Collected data
___
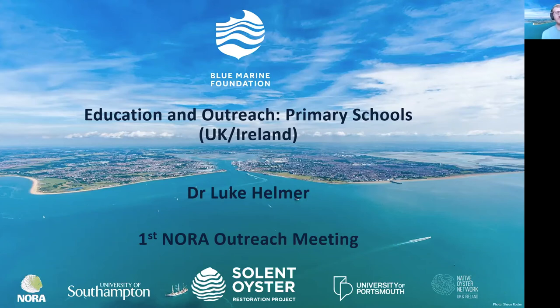We're very pleased to invite Dr Luke Helmer of the Blue Marine Foundation to give the next presentation. I am the Scientific Officer for the Blue Marine Foundation and I primarily work on the Solent Oyster Restoration Project — you can see the area that we're working in in the background there.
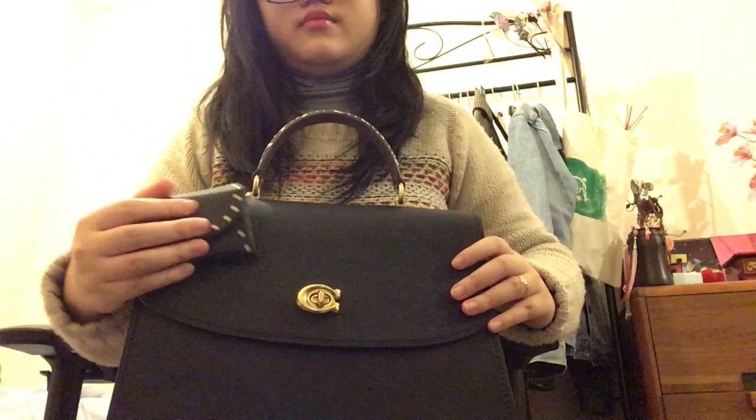I was thinking of getting the bag personalised but I'm not exactly sure how I'd like it yet, so I'm going to leave it for now and enjoy it as it is. When I feel like it needs a bit of colour or something I'll personalise it.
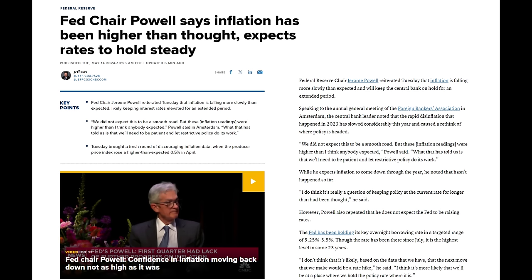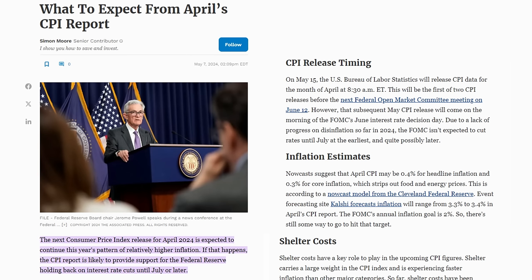However, Powell also repeated that he does not expect the Fed to be raising rates, reiterating that inflation is falling more slowly than expected, likely keeping interest rates elevated for an extended period. The next CPI report — the April inflation figures — are slated for release on May 15th at 8:30 a.m. Eastern Time.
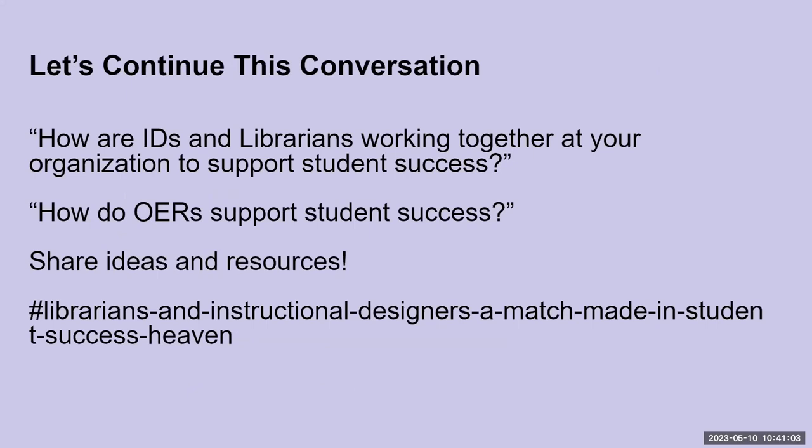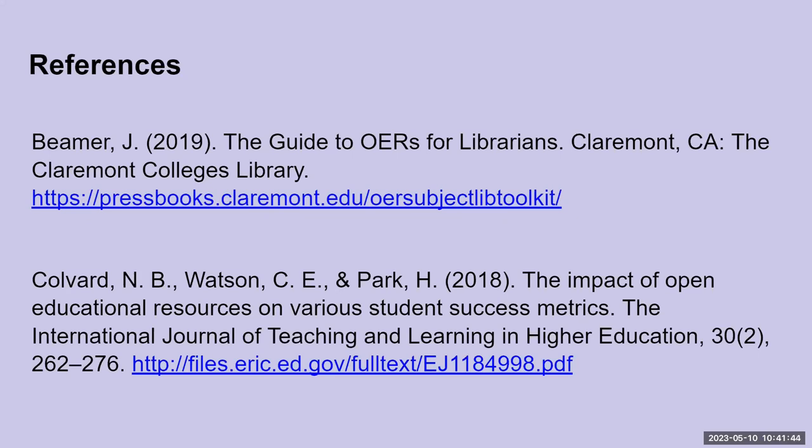We hope that you join us on Discord to continue this conversation. We'd love to hear your own stories of how librarians and instructional designers have come together at your own institutions to support student success, and we hope you'll share your thoughts on how OER supports student success. You can look for our tag under the lightning talks on the OpenConOhio 2023 Discord server — hashtag librarians and instructional designers, a match made in student success heaven. Thanks everybody for coming and listening today, and we're looking forward to continuing the conversation on our Discord channel.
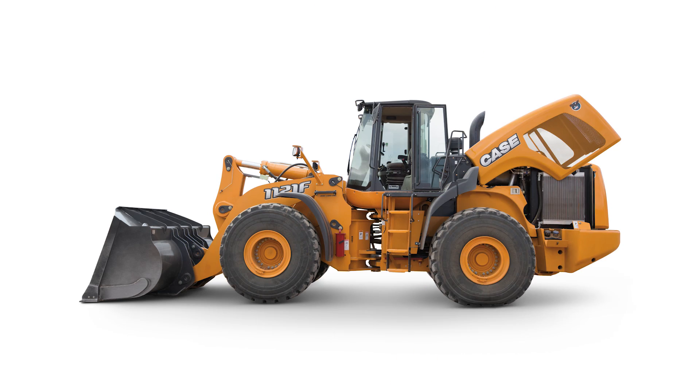Hi, I'm Ira Davis with Kay's Construction Equipment. I'm a product specialist out of the Eastern Region. What we're looking at here is our 1121, which is about a 60,000 pound machine.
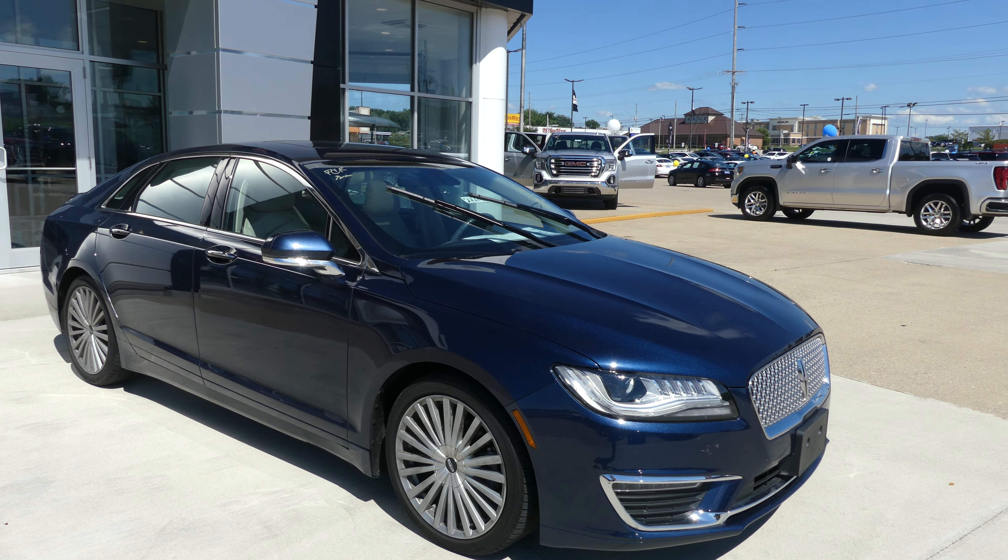Rear features include a remote release trunk, a large and spacious rear trunk area with access to the back seat, rear collision sensors, backup camera with display, and dual exhaust.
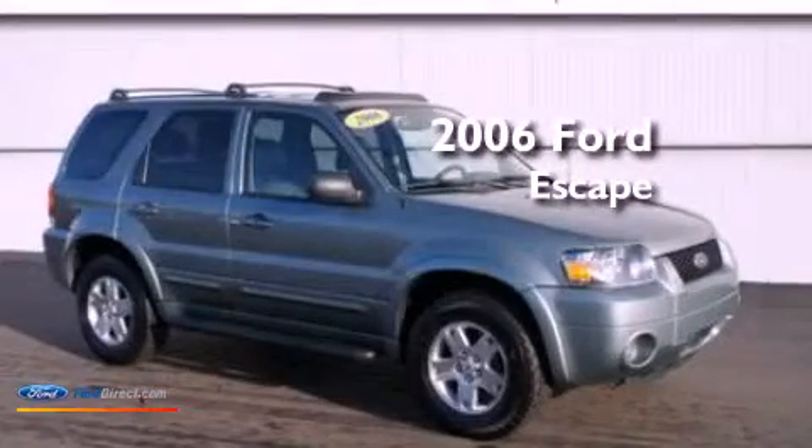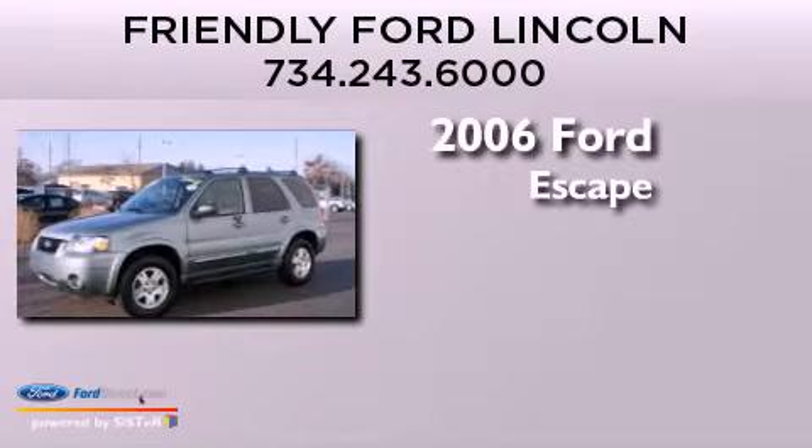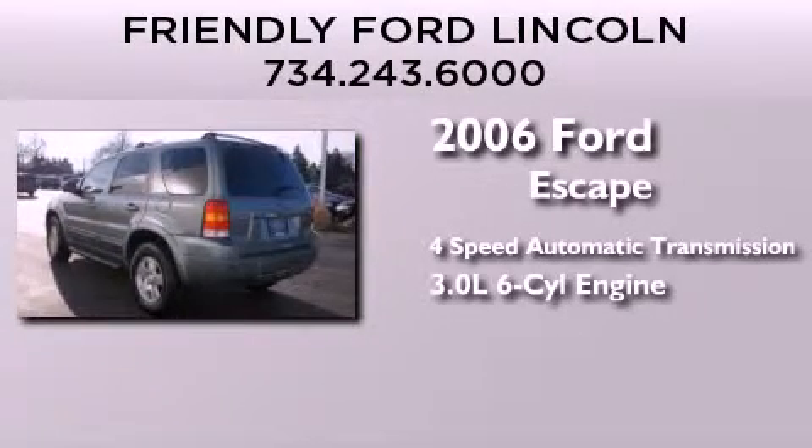This is a 2006 Ford Escape. This crossover has an automatic transmission and a 3.0 liter V6.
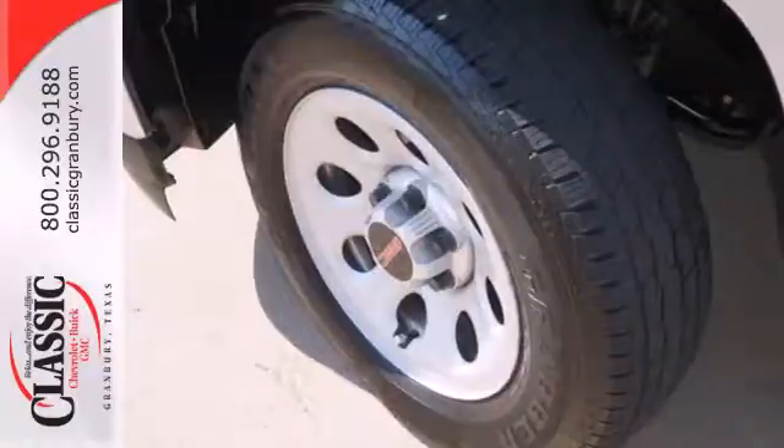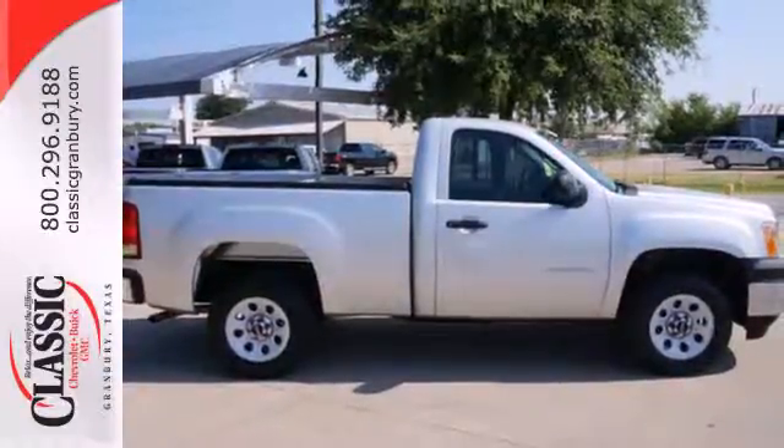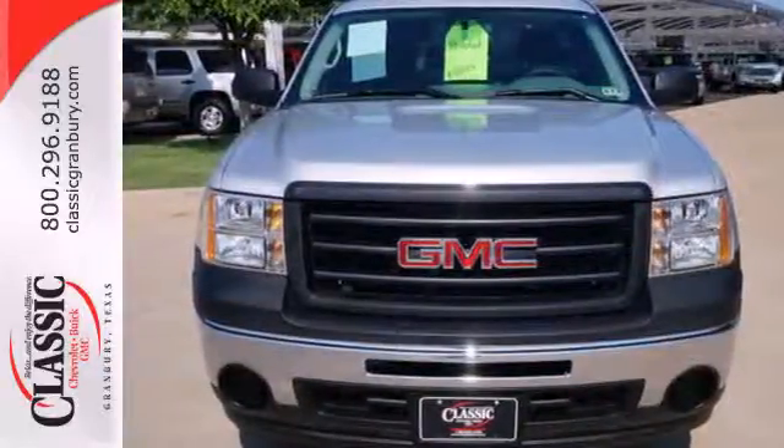Look around the road and you'll see lots of Sierra trucks, many with hundreds of thousands of miles driven on them. That's because Sierras are built for durability, reliability, and longevity.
___
* [Problem details] No picture is to appear in the copy; every entry above is otherwise to be printed verbatim.

* [Exercise answer]
We're very pleased to invite Dr Luke Helmer of the Blue Marine Foundation to give the next presentation. I am the Scientific Officer for the Blue Marine Foundation and I primarily work on the Solent Oyster Restoration Project — you can see the area that we're working in in the background there.
I was thinking of getting the bag personalised but I'm not exactly sure how I'd like it yet, so I'm going to leave it for now and enjoy it as it is. When I feel like it needs a bit of colour or something I'll personalise it.
However, Powell also repeated that he does not expect the Fed to be raising rates, reiterating that inflation is falling more slowly than expected, likely keeping interest rates elevated for an extended period. The next CPI report — the April inflation figures — are slated for release on May 15th at 8:30 a.m. Eastern Time.
We hope that you join us on Discord to continue this conversation. We'd love to hear your own stories of how librarians and instructional designers have come together at your own institutions to support student success, and we hope you'll share your thoughts on how OER supports student success. You can look for our tag under the lightning talks on the OpenConOhio 2023 Discord server — hashtag librarians and instructional designers, a match made in student success heaven. Thanks everybody for coming and listening today, and we're looking forward to continuing the conversation on our Discord channel.
Hi, I'm Ira Davis with Kay's Construction Equipment. I'm a product specialist out of the Eastern Region. What we're looking at here is our 1121, which is about a 60,000 pound machine.
Rear features include a remote release trunk, a large and spacious rear trunk area with access to the back seat, rear collision sensors, backup camera with display, and dual exhaust.
This is a 2006 Ford Escape. This crossover has an automatic transmission and a 3.0 liter V6.
Look around the road and you'll see lots of Sierra trucks, many with hundreds of thousands of miles driven on them. That's because Sierras are built for durability, reliability, and longevity.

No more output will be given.